You think you have given your children all of the back-to-school essentials they need for a successful school year. You have filled their backpacks with new pencils, notebooks, and even Kleenex, but have you given them the tools they need for proper body safety?

Child sexual abuse happens across ALL socioeconomic, educational, racial, and cultural groups.

No matter the age of your child, there are appropriate ways give your children the tools they need to help keep themselves protected:
  1. Teach children accurate names of private body parts.

  2. Avoid focusing exclusively on “stranger danger.” Keep in mind that most children are abused by someone they know and trust.

  3. Teach children about body safety and the difference between “okay” and “not okay” touches.

  4. Let children know that they have the right to make decisions about their bodies. Empower them to say no when they do not want to be touched, even in non-sexual ways (e.g., politely refusing hugs) and to say no to touching others.

  5. Make sure children know that adults and older children never need help with their private body parts (e.g., bathing or going to the bathroom).

  6. Teach children to take care of their own private parts (i.e., bathing, wiping after bathroom use) so they don’t have to rely on adults or older children for help.

  7. Educate children about the difference between good secrets (like surprise parties—which are okay because they are not kept secret for long) and bad secrets (those that the child is supposed to keep secret forever, which are not okay).

  8. Trust your instincts!

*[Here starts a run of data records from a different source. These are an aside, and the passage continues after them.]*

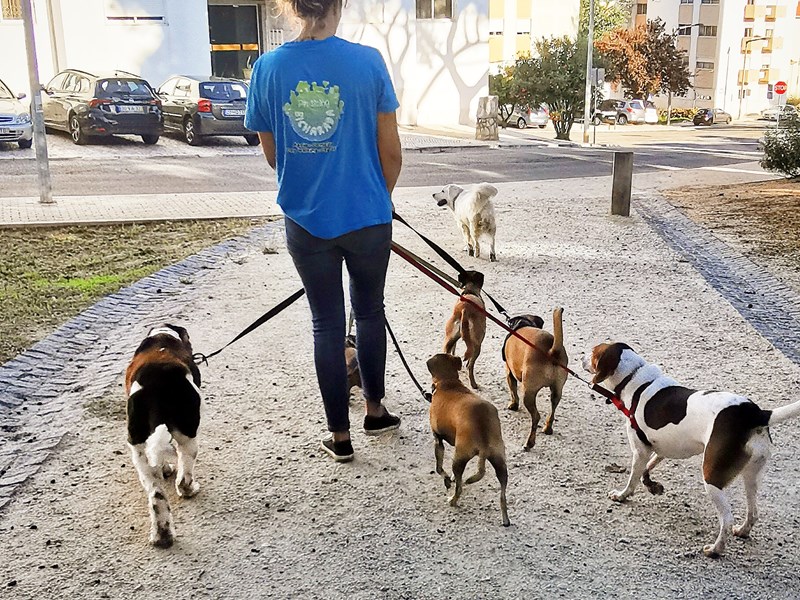 Cães a passear de trela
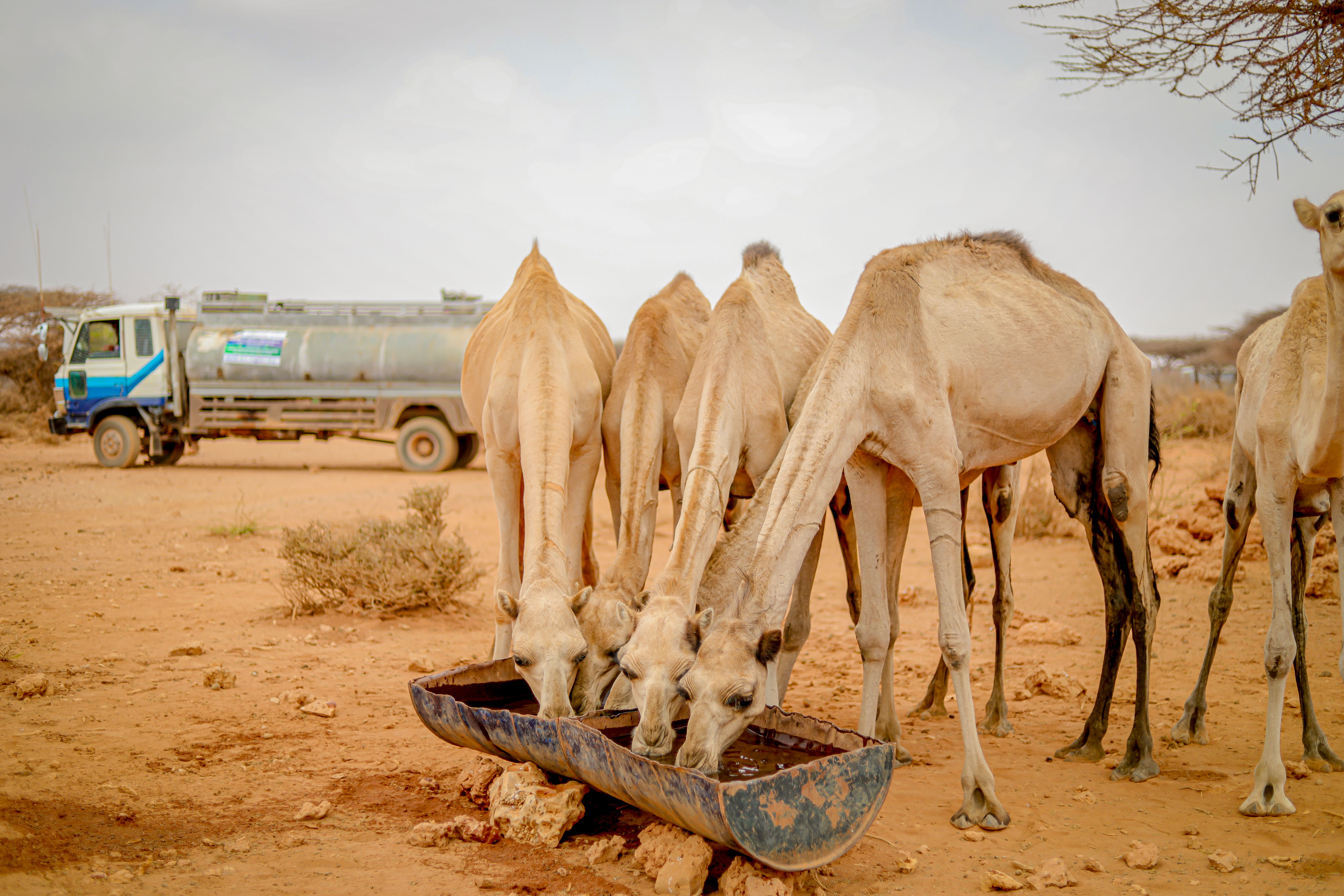 A group of camels in Somalia drink from a trough near a water tanker in a dry, arid landscape.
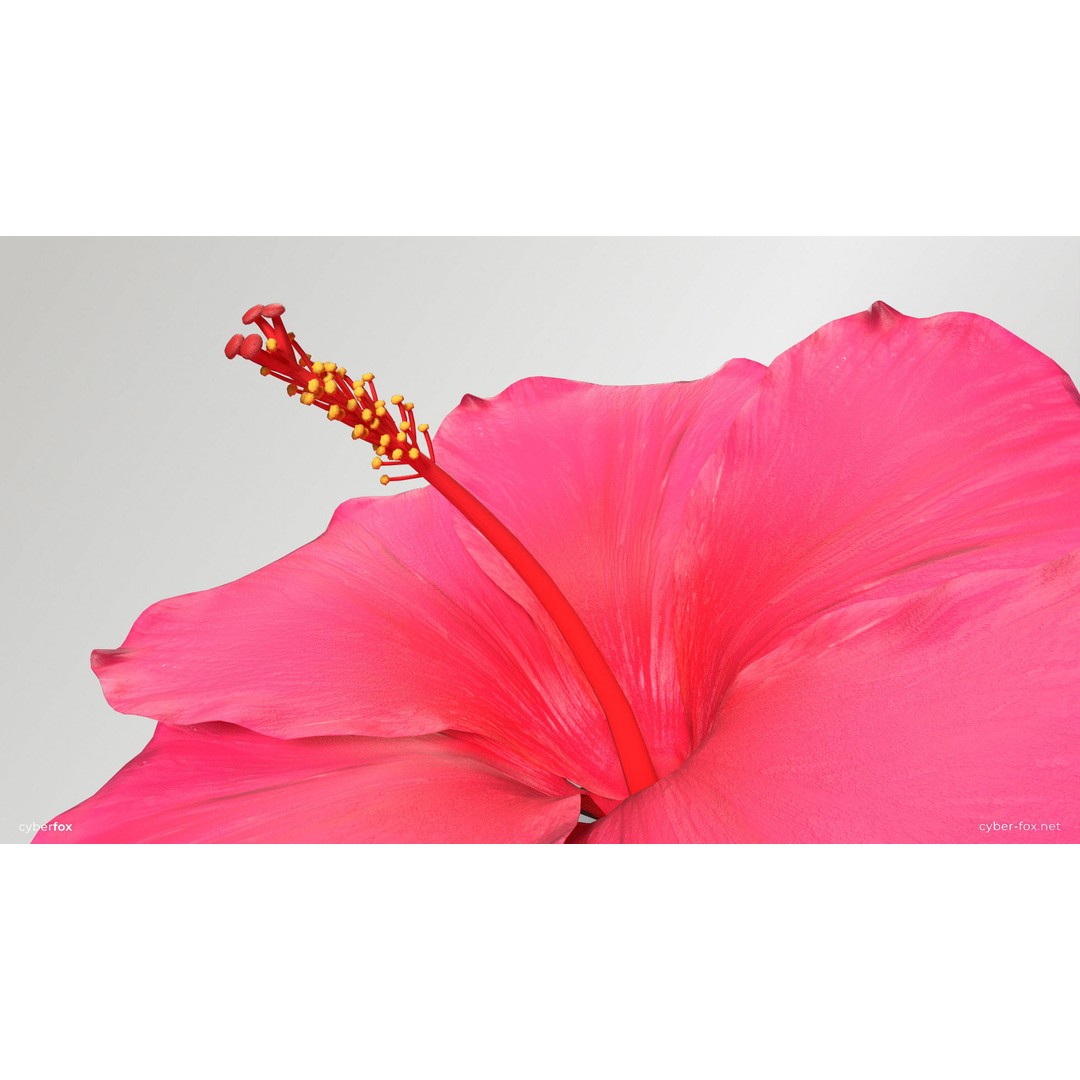Hibiscus Flower 3D Model – Low Poly Game Asset, PBR Textures, FBX - View 13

If you feel uneasy about leaving a child with someone, don’t do it. If you’re concerned about possible sexual abuse, ask questions.

Sexual abuse can happen to children of any race, socioeconomic group, religion or culture. There is no foolproof way to protect your child from sexual abuse, but there are steps that we can all take to help reduce the risk. If something does happen to your child, remember, the perpetrator is to blame, not you or your child.

The best time to talk to your child about sexual abuse is now.